Itu juga salah satu dari sedikit film Poitier yang sedikit berfokus, jika ada masalah rasial, yang mungkin membantu membuka jalan menuju aktor yang membuat sejarah sebagai orang Afrika-Amerika pertama yang memenangkan Oscar untuk Aktor Terbaik. Meskipun kinerjanya di layar peringkat sebagai yang terbaik dalam karirnya, faktor ini tidak diragukan lagi berkontribusi pada kemenangannya mengingat betapa berbedanya orang melihat balapan lebih dari empat puluh tahun yang lalu. Poitier yang terengah-engah dan berseri-seri menyampaikan pidato penerimaan yang singkat namun manis dan memperkuat tempatnya dalam sejarah perfilman.

To Sir, With Love (1967)

Dalam film pelariannya, Blackboard Jungle, Poitier memerankan seorang siswa sekolah menengah anti-sosial yang berselisih dengan seorang guru idealis yang berusaha membangun ketertiban. Di sini, di To Sir, With Love, perannya dibalik dan Poitier berperan sebagai pendidik. Namun, kali ini, dia orang Amerika yang berurusan dengan anak-anak pemberontak di daerah kumuh East End London yang kasar. Tidak dapat menemukan pekerjaan sebagai profesor teknik, ia mengambil pekerjaan sekolah menengah di lingkungan yang didominasi kulit putih sampai ia dapat menemukan sesuatu yang lebih baik. Tetapi dia mengambil perannya dengan serius dan menggunakan metode tidak konvensional untuk membentuk anak-anak bermasalah menjadi orang dewasa muda yang berperilaku baik, mendapatkan rasa hormat dan persahabatan mereka di sepanjang jalan.

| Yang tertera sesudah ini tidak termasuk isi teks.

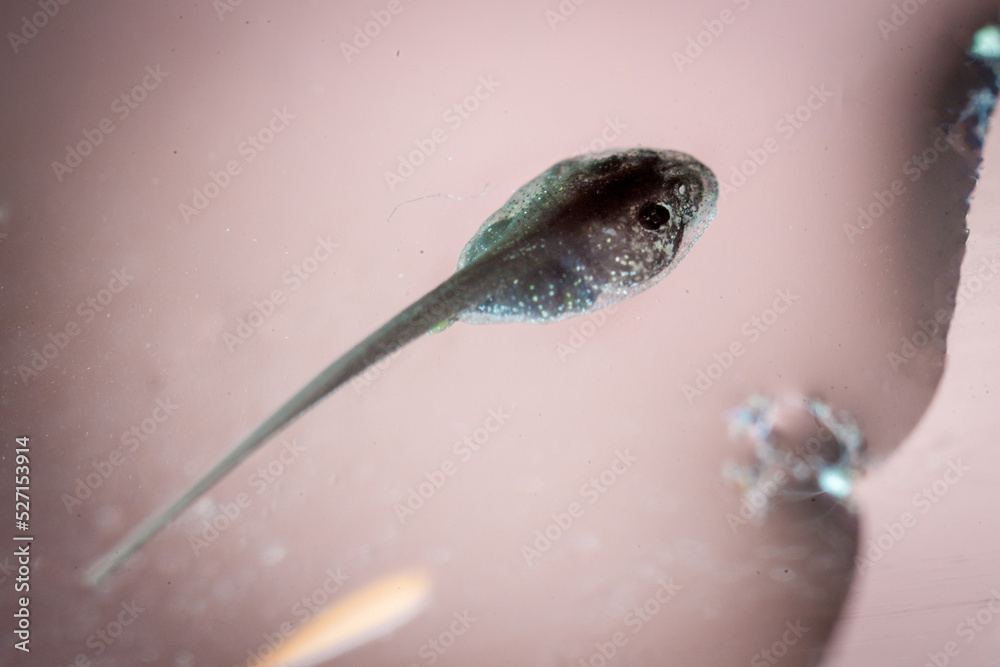 The African bullfrog tadpole in the water The African bullfrog tadpole in the water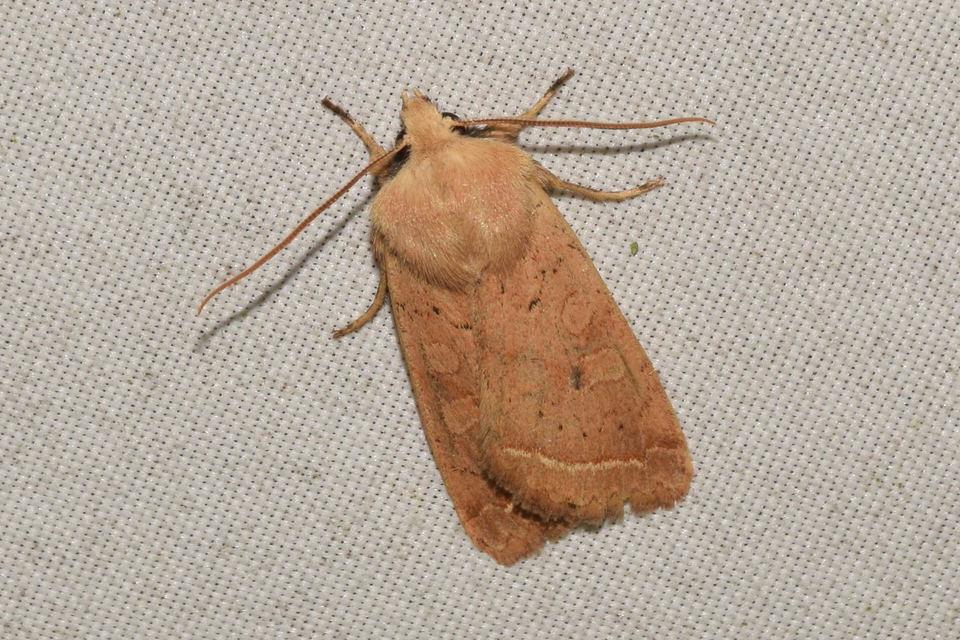 Leptologia macilenta - gyertyán-őszibagoly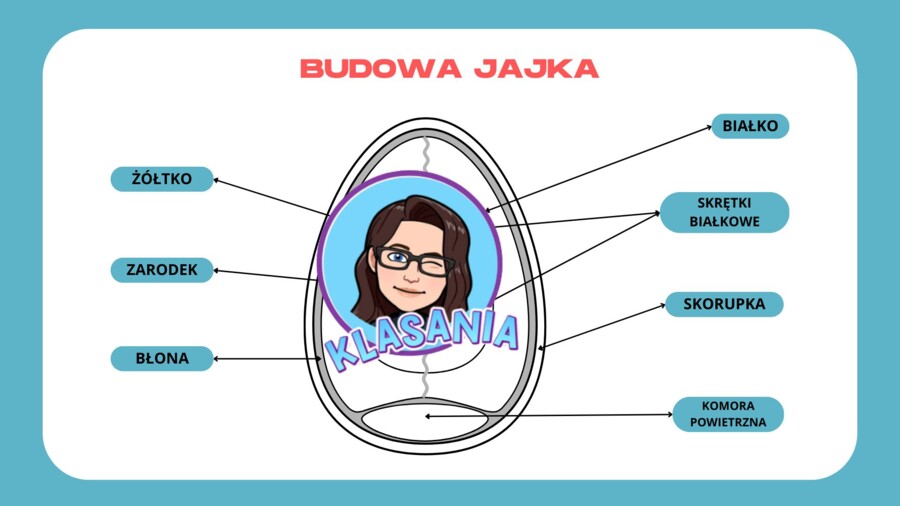 Wklejka - budowa jajka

Bagi Sir, With Love adalah lagu hit untuk Poitier dan menandai awal tahun yang sangat baik yang membuatnya menjadi bintang top box office di Amerika

In Heat of the Night (1967)

Disutradarai oleh Norman Jewison, In the Heat of the Night menawari Poitier perannya yang paling dikenal luas, Detective Virgil Tibbs, seorang ahli pembunuhan dari Philadelphia yang penangkapan pertamanya sebagai tersangka pembunuhan di sebuah kota terpencil di Mississippi mengarah pada kemitraan yang tidak mudah dengan sheriff rasis setempat. (Rod Steiger).

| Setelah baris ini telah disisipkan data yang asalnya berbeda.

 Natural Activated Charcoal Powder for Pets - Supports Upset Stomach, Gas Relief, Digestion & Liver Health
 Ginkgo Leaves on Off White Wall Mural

Film ini dipandang sebagai alegori bagi gerakan Hak-Hak Sipil, khususnya dalam adegan di mana pemilik perkebunan yang kaya (Larry Gates) menampar Tibbs, hanya untuk segera menampar dirinya sendiri. Legenda mengatakan bahwa Poitier menolak untuk masuk ke film kecuali karakternya membalas.

In Heat of the Night adalah hit finansial besar dan salah satu saat langka di mana kinerja teladan Poitier dibayangi oleh lawan mainnya; Pengambilan sempurna dari Steiger terhadap sheriff yang datang untuk menerima pasangannya sebagai teman membuatnya mendapatkan Academy Award.

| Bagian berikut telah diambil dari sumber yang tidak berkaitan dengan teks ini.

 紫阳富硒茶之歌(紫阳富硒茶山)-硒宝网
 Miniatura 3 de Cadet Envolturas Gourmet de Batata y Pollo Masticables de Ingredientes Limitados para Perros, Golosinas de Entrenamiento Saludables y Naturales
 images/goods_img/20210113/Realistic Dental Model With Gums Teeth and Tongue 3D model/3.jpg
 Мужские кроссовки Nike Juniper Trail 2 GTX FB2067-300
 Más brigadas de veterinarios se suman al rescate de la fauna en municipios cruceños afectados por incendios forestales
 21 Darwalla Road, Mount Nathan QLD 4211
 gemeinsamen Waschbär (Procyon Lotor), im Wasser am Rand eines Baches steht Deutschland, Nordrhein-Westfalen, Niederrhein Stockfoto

Guess Who's Coming to Dinner (1967)

Poitier sekali lagi mendapati dirinya sebagai pusat dari sebuah drama rasial, kali ini memerankan seorang dokter tua yang bercerai yang bertunangan untuk menikahi seorang wanita kulit putih yang lebih muda (Katharine Houghton) dan mengejutkan orang tuanya yang berpikiran liberal (Katharine Hepburn dan Spencer Tracy) ketika mereka umumkan niat mereka untuk menikah. Sementara calon pengantin ingin melanjutkan meskipun ada keraguan dari semua yang terlibat, Poitier menginginkan persetujuan yang tidak memenuhi syarat, termasuk dari orangtuanya sendiri yang juga keberatan dengan serikat pekerja.

Dirilis selama masa yang bergejolak dalam sejarah Amerika, Guess Who's Coming to Dinner adalah sukses besar bagi Poitier dan mengakhiri tahun yang paling sukses. Film ini terkenal karena menjadi film terakhir yang dibuat oleh Tracey, yang meninggal tidak lama setelah pembuatan film berakhir.